The material below includes pictures; leave them out and return only the lines between the line containing "Image for DIY Paper Lanterns with Nature" and the line containing "Mainecoon female f22", inclusive, word for word.
++++ The input ++++
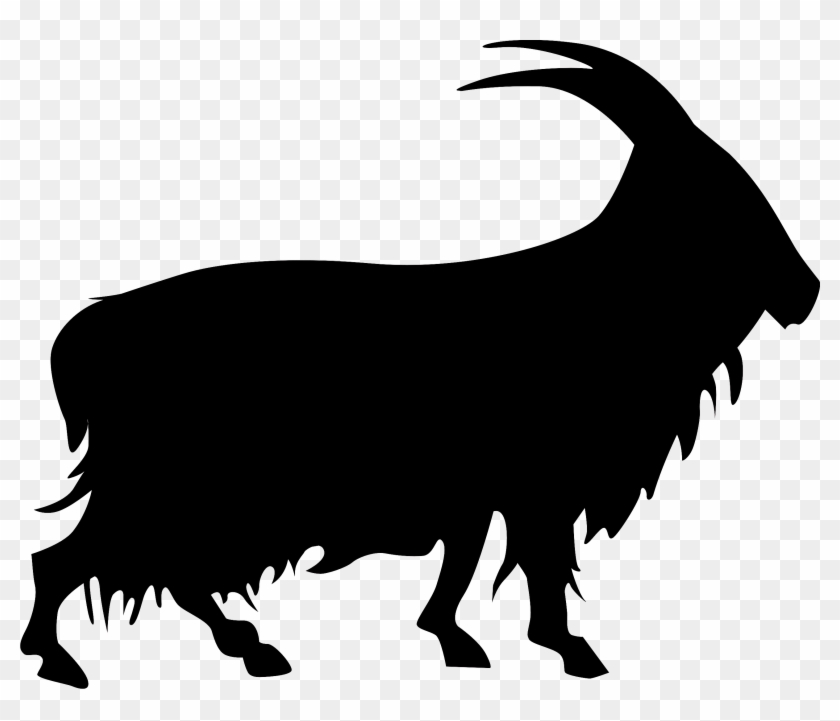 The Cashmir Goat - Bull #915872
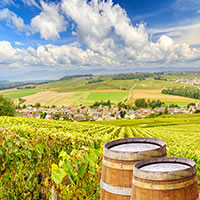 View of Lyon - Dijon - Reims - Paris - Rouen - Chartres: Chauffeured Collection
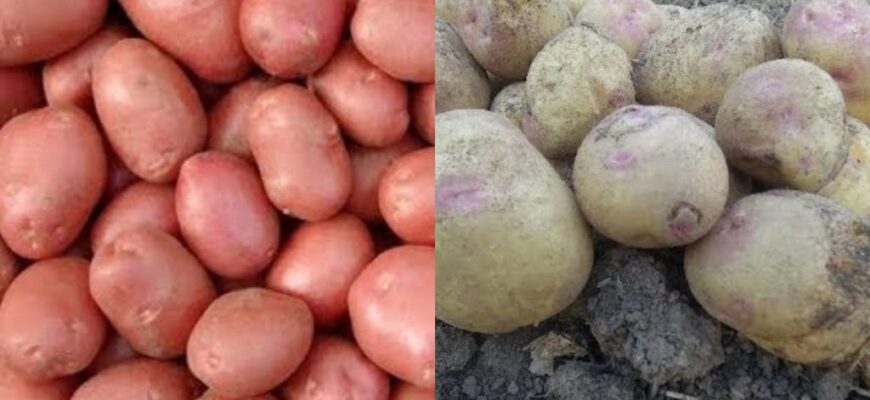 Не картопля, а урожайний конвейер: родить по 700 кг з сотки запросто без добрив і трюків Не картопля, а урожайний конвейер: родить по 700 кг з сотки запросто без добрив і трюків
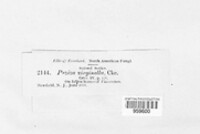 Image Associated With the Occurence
++++
++++ The input ++++
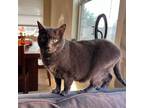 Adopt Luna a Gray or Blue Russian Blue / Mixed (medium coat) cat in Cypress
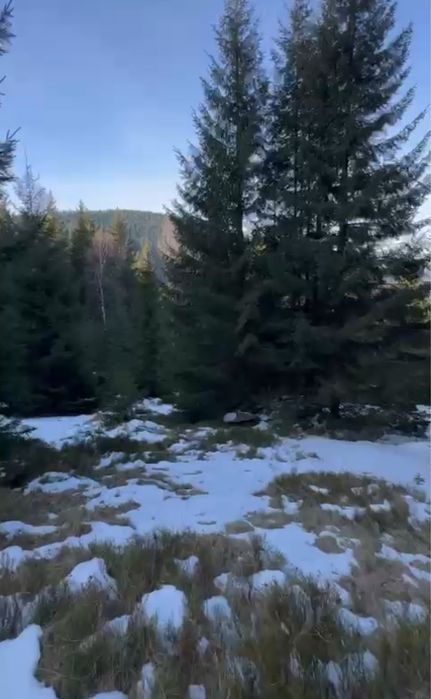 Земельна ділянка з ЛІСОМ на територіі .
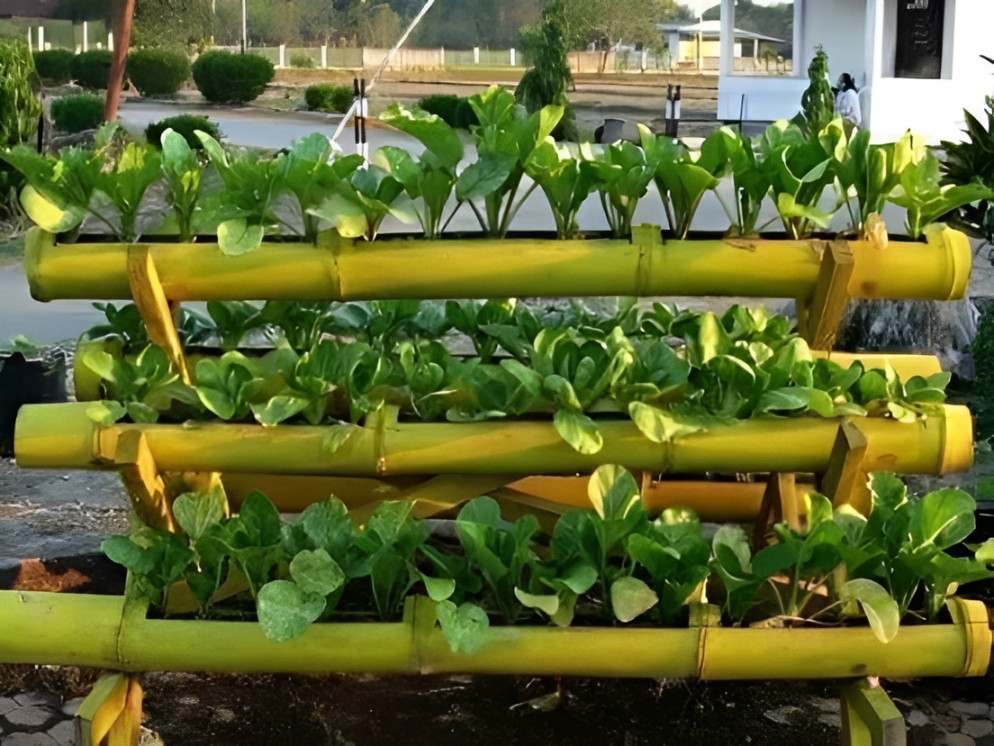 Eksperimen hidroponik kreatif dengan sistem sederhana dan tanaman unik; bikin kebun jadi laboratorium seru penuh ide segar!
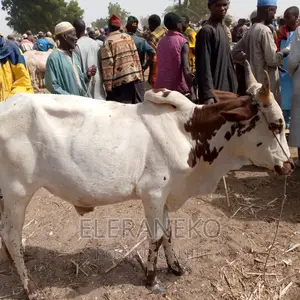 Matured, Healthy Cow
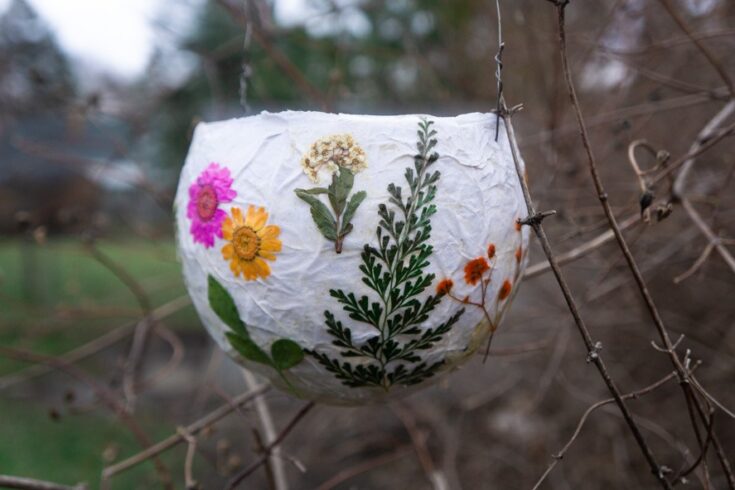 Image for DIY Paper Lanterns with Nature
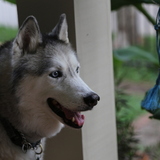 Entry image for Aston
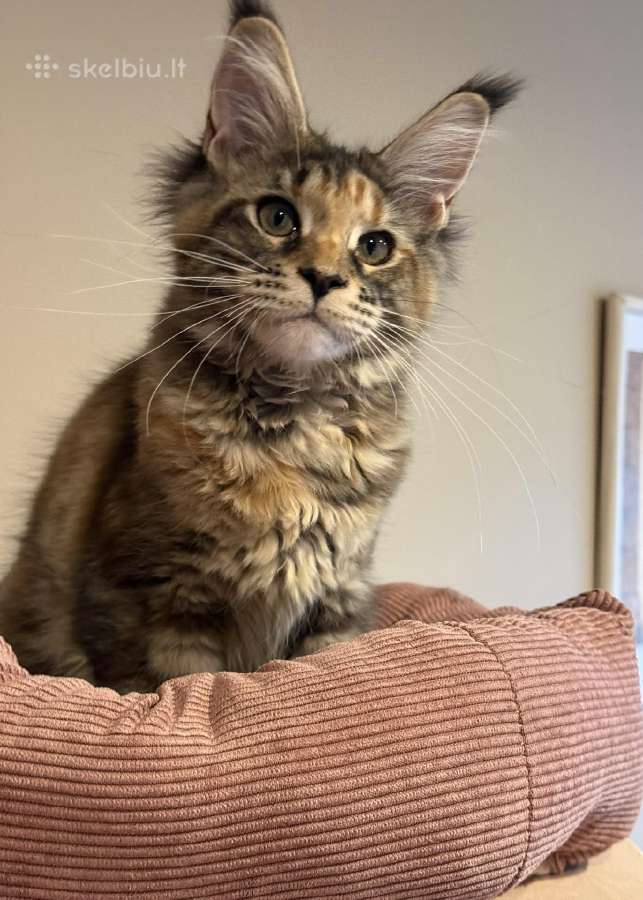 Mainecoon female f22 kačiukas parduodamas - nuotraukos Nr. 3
++++
### Result of this exercise
 Image for DIY Paper Lanterns with Nature
 Entry image for Aston
 Mainecoon female f22 kačiukas parduodamas - nuotraukos Nr. 3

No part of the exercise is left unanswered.